The punk murk of the title track that follows is a quick and dirty take, but also your last real chance to catch your breath. The middle of the record is anchored by “No Spell” and “Strawberries 1 +2”. These are the two most ambitious songs on the record, but also the most melodically strong oddly enough. “No Spell” is honeyed and propulsive, Dwyer and Dawson deliver gossamer vocal harmonies over a pulsing bass line. It’s not a song that changes pace or direction so much as it muddles its composition in interesting ways. The guitars melt and run together with keys and even the vocals in between quiet choruses, so the eruption of sound is all-encompassing, the kind of mess you’re likely to sift through and – midway through – find there’s an order to it. “Strawberries 1+2”, as you may tell by the title, is a more two-faced affair. It starts with fuzzed-out, edgy blues-rock, but it’s when it shifts halfway through that we see the true limits – or lack there of – the band’s potential. It’s a space-rock freak-out worthy of Pink Floyd comparisons, but more interested in interplay between sounds and meshing melody with space than it is in self-indulgent jamming. It’s a perfect space for Dawson’s voice, doubled here to drive home its haunting allure. She becomes some sort of garage-rock mystic, telling us things like “we are future” but leaving us to simply feel those lines and worry about what they might mean later. They’re a dim light for a path rather than a map to a destination.
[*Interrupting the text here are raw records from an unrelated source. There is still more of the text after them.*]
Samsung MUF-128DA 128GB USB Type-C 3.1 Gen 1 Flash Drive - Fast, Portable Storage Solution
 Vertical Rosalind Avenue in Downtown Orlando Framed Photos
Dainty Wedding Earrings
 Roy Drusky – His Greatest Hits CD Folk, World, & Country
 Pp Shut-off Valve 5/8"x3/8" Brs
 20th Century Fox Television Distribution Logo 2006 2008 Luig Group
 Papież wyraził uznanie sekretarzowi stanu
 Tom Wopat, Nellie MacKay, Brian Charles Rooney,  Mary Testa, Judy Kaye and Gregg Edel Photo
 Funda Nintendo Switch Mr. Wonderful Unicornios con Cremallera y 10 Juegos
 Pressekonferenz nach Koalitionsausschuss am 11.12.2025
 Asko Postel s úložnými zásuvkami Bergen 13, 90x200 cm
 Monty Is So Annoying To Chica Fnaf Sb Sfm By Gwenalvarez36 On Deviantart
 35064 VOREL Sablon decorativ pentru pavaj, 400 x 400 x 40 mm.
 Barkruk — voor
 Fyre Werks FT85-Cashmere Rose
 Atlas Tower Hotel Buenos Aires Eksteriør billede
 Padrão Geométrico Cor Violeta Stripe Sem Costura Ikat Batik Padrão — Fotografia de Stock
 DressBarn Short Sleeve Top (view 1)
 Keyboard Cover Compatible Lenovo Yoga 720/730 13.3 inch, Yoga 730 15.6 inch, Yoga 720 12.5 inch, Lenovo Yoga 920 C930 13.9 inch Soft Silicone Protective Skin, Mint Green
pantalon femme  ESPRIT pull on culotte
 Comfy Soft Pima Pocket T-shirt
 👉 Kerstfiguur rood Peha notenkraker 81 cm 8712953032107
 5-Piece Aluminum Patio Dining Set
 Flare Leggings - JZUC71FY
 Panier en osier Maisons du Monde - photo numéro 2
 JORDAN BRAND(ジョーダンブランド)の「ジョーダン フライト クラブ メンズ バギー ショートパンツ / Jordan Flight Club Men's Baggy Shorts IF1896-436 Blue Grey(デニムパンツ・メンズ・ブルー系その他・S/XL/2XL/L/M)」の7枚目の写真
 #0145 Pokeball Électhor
It’s interesting to note the thematic concerns here – of violence, darkness, some link between these things (and bloodshed) and a dangerous kind of being lost – but they also but up against a pretty pure, unnecessary to fully define rock and roll bliss. It’s also tricky to figure all this out since the vocals aren’t clear and, when they are, the lyrics don’t exactly specify their intentions. We do have a “Minotaur” and a man lost in a maze, and these help frame songs, but only so much.
The more interesting thing about Floating Coffin, though, might be how its examination of genre is revelatory, almost political. They’re a band inextricably tied to terms like garage rock (see above), and yet the more boilerplate garage rock moments seem the least bracing. This is perhaps because, like the best lo-fi bands for example, what Dwyer and company do is remind us that garage rock isn’t the narrow sound we make it out to be, that it’s more a convenient identifier than a real-world musical sound. What we get is the fury and excitement of creating something in secret, away from the living (the house ostensibly attached to the garage), something both underground and very much a part of terra firma. Thee Oh Sees, in short, remind us that garage rock – or lo-fi or psych-pop or whatever other name you pin on them – will inevitably fall short in describing the music. But what it does tell us about is the hunger in this sound, the absolute necessity to create a feel in all of these songs. But even if Dwyer and company are hungry, this album shows they’re not interested in scraps. These songs take big bites, bites that take some chewing – for player and listener – to get through them, to find the good stuff in them we need.